1. Open the data file in Excel.
2. Create time series line charts using all the variables. The line charts can help you visually assess whether the variables are correlated and if the relationship is linear. The X-axis variable for the line charts is the values from the Date column and the Y-axis variable is the values from the other columns. You need to create three line charts to see how the variables evolve over time. Ideally, you should chart the lines representing each variable in one chart. However, to do so you need to normalize the data so that the Y-axis range for each variable is the same. This process is unnecessary at this point because you can simply create three line charts and compare them visually. Create three line charts where one indicates how the health variable changes over time, the other the price variable, and the last the famine variable. The line charts are displayed in Figure 6.2. Notice that the Health line does not follow the same pattern as the Famine or Price line. That is, when the Famine or Price line spikes or drops, the Health line does not. Also, notice that the Price and Famine lines do tend to follow the same pattern. This suggests that there is likely a correlation only between the Price and Famine variables.

Figure 6.2 Line charts of Health, Price, and Famine

6.2
3. Compute the correlations for each variable with each other. Start with computing the correlation between the Health and Famine variables. Select an empty cell on the worksheet. In the cell, type the function =CORREL(D2:D21,B2:B21). Press Enter and the cell should display 0.20615415, which is the correlation coefficient. Excel compares all the data points in the two stipulated columns in the function to compute the correlation.
4. Calculate the correlation between the Price and Famine variables. Select an empty cell on the worksheet and type =CORREL(D2:D21,C2:C21). Press Enter and the cell should display 0.78758156.
5. Calculate the correlation between the Health and Price variables. Select an empty cell on the worksheet and type =CORREL(C2:C21,B2:B21). Press Enter and the cell should display 0.13626333.
6. Consider the outputs or correlation coefficients for each variable pair. Two variables correlate if their coefficient is near 1 or –1, and they do not correlate if their coefficient is near 0. If the coefficient is near 1, the variables are said to positively correlate. That is, an increase in one variable produces an increase in the other variable. If the coefficient is near –1, the variables negatively correlate. An increase in one variable produces a decrease in the other variable. The only pair of variables that have a high correlation coefficient is the Price and Famine variables with a coefficient of about 0.78. This result makes sense from our cursory analysis of the line chart. When there is an increase in the Price variable, there is an increase in the Famine variable, and vice versa.
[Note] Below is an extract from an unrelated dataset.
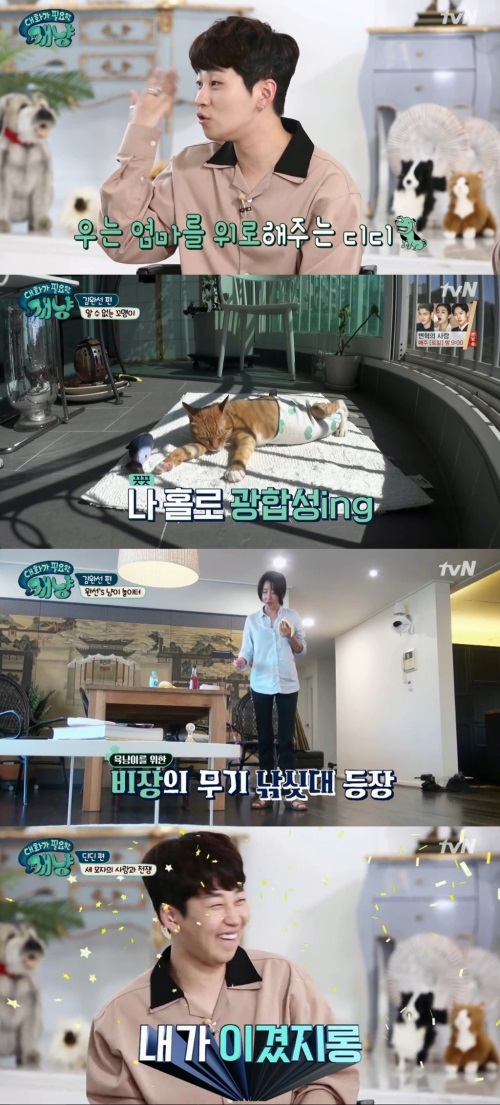 tvN '대화가 필요한 개냥'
Conduct Regression Analysis

You know that there is an associative relationship between the Price and Famine variables and have some idea of how they have associated so far. You also know there is no relationship between health and the famine level. This finding is surprising because the health status of a person suffering through a famine usually deteriorates. The finding suggests that either your initial deduction was partially incorrect or that you collected faulty data. Most likely, the population did not understand exactly what you meant when you queried them for health status data, or they happened to be the lucky ones who survived the famine. This highlights the need to collect data from a large population and to compare different data sets.

You now need to use regression analysis to establish how well the Price variable can help you forecast the Famine variable in the future. In geek-speak, you need to identify the predictive or forecasting value of the independent variable.

In this case, we use a priori knowledge to determine that there likely is a causal and predictive relationship between prices and famine level. Spikes in prices can noticeably increase the level of famine. By knowing how much the prices contribute to the level of famine, you can figure out how future spikes or drops in prices will affect the future levels of famine in the region. Complete the following steps to find out this information:

1. Return to the same data file in Excel. Make sure the Analysis Toolpak and Data Analysis add-in is installed. Microsoft explains how to install the add-in at http://office.microsoft.com/en-us/excel-help/load-the-analysis-toolpak-HP001127724.aspx.
2. On the ribbon, select Data and at the far right of the ribbon options select Data Analysis.
3. In the pop-up window, select Regression.
4. In the new pop-up window, put a checkmark in the boxes next to Labels and Confidence Levels. Also, check the box next to New Worksheet Ply to output the results to a new sheet.
5. At the top of the pop-up window, for Input Y Range, select Column D with the famine level values. Make sure when selecting the column that you also select the row with the column label. For Input X Range, select Column C with the price values. After making your selections, click OK.
6. A new worksheet should appear with the results of the regression analysis. Figure 6.3 shows the results.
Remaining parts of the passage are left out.